Director Vikram Gandhi’s Obama Biopic ‘Barry’ Streams On Netflix Dec. 16

Director Vikram Gandhi’s upcoming biopic “Barry”, about President Barack Obama’s youthful years has already received kudos from a discerning audience at the Toronto International Film Festival where it premiered in September. It will soon be available on Netflix Dec. 16.
The film focuses on Obama’s life at Columbia University where he transferred in 1981. It explores the themes of race and identity as they impinged on a mixed-race African-American whose mother was white and father an African from Kenya.

Australian actor Devon Terrell who Gandhi found after a worldwide search, plays Barry. In the biopic, Barry feels out of place in every racial setting and tellingly says, “I fit nowhere.”

Gandhi, who was born in New York and grew up in New Jersey where he continues to live, earned plaudits for his earlier film “Kumaré”, a documentary where he impersonated an Eastern guru in America, and actually got a following even as a fake persona.

Long before Barack Obama was the “cool, charismatic leader he is today,” he was one of the few black students at Columbia University in the early ‘80’s, majoring in political science and living on 109th street. The film depicts an Obama navigating his way through the judgmental and racist opinions swirling around him, as he tries to find his place in the world.

“It’s about a guy who would one day become the president,” Gandhi said in an interview with Vanity Fair in September after the film premiered at TIFF. “Not the president as he is now.

“Devon probably has as much in common as a human being, with Barry as may be Barack Obama does with the guy he used to be,” Gandhi said. “Just anyone who is in that early age, they change and transform. We were trying to figure out who that kid was,” Gandhi said.

“Barry” was in the works for a long time, and sort of snowballed into the film that one sees, Gandhi recently told Filmmaker magazine. The director read Obama’s seminal autobiography, “Dreams From My Father” some five years ago, around the time of Obama’s re-election in 2012. His interest sparked, Gandhi burrowed into several biographies and articles written about Barack Obama.

“Having gone to Columbia myself, and having lived on West 109th St., in the building next door to where Obama had once lived, the sections about Obama’s college life really resonated with me,” Gandhi said.

“I could see the whole thing playing out in this really nuanced and colorful way — I knew the classes he took, the books he read, the bars he’d gone to, the streets he’d walked down, the music that filled those streets,” Gandhi told Filmmaker.

The year 1981, the director noted, was the time of artists Andy Warhol and Jean-Michel Basquiat, and the birth of hiphop. It was also among the most violent years in New York history under the leadership of the quintessential New Yorker, Mayor Ed Koch.

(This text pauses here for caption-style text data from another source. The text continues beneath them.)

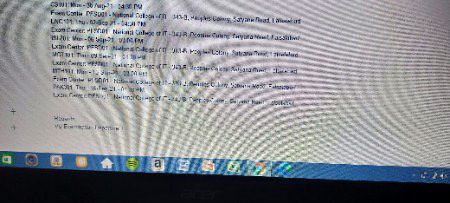 First semester date sheet 🤔👌🤠🤫🥺😜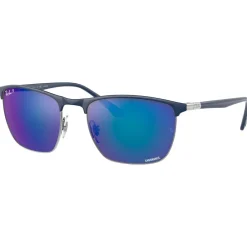 Lunettes de soleil RB3686 Polished Blue Chromance Polar Blue Femme Lunettes Femme|Lunettes Polarisées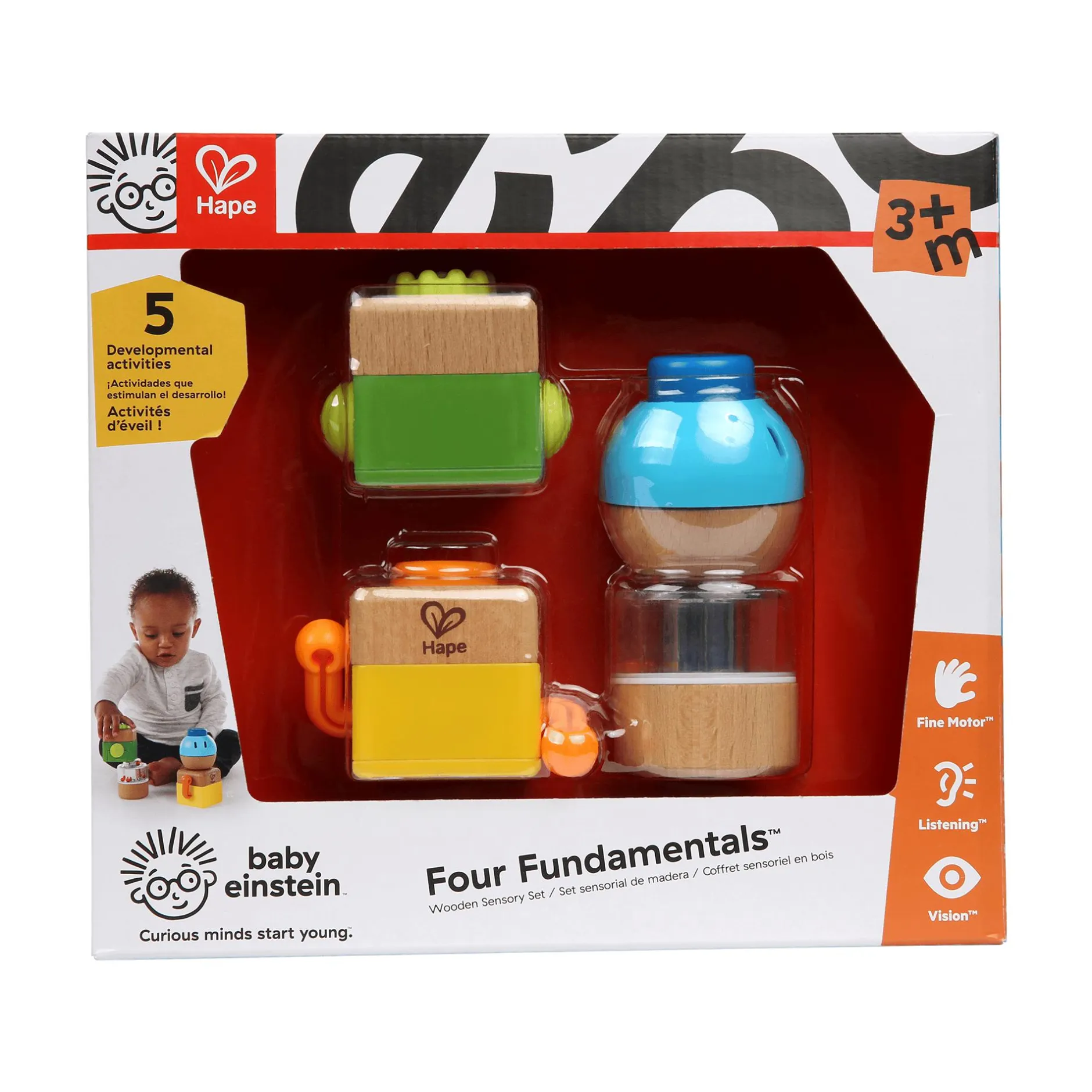 Hape Vier verrückte Bausteine*Kinder Konstruktionsspielzeug|Holzspielzeug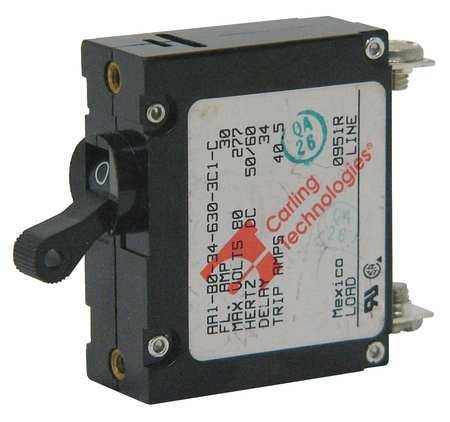 Circuit Breaker, Magnetic, 20A, 277Vac/80Dc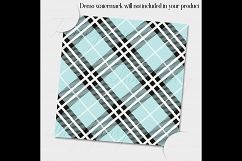 24 Turquoise Plaid Digital Papers, Tartan, Gingham, Check Product Image 6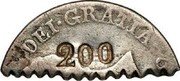 Brazil 200 Reis Cut and Countermarked Coin ND KM# C471 200 DEI GRATIA coin obverse Brazil 200 Reis Cut and Countermarked Coin ND KM# C471 200 DEI GRATIA coin obverse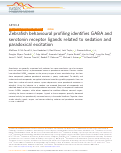 Cover page: Zebrafish behavioural profiling identifies GABA and serotonin receptor ligands related to sedation and paradoxical excitation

“It’s a New York I’ve only experienced through photographs and writings. I just wanted to see it all come to life,” Gandhi told Filmmaker.

He soon decided this would be his next feature film and began researching everything he could find to write the film script.
Gandhi said his hope is that the audience can see their own story and potential in the humble story of a kid named Barry, especially in this election year with its contentious and vitriolic rhetoric.

“Since we started the development of this film, the dark reality of American prejudice has reared its head,” Gandhi told the magazine noting that hate crimes against blacks continues.

“I keep wishing that Trump is just pulling a Kumaré, and that one day he’ll tell us that his campaign is all a hoax to teach us not to be duped by false leaders,” Gandhi told Filmmaker. The lesson Americans can learn is that the antidote to racism and prejudice “is empathy, seeing ourselves in others.” he said.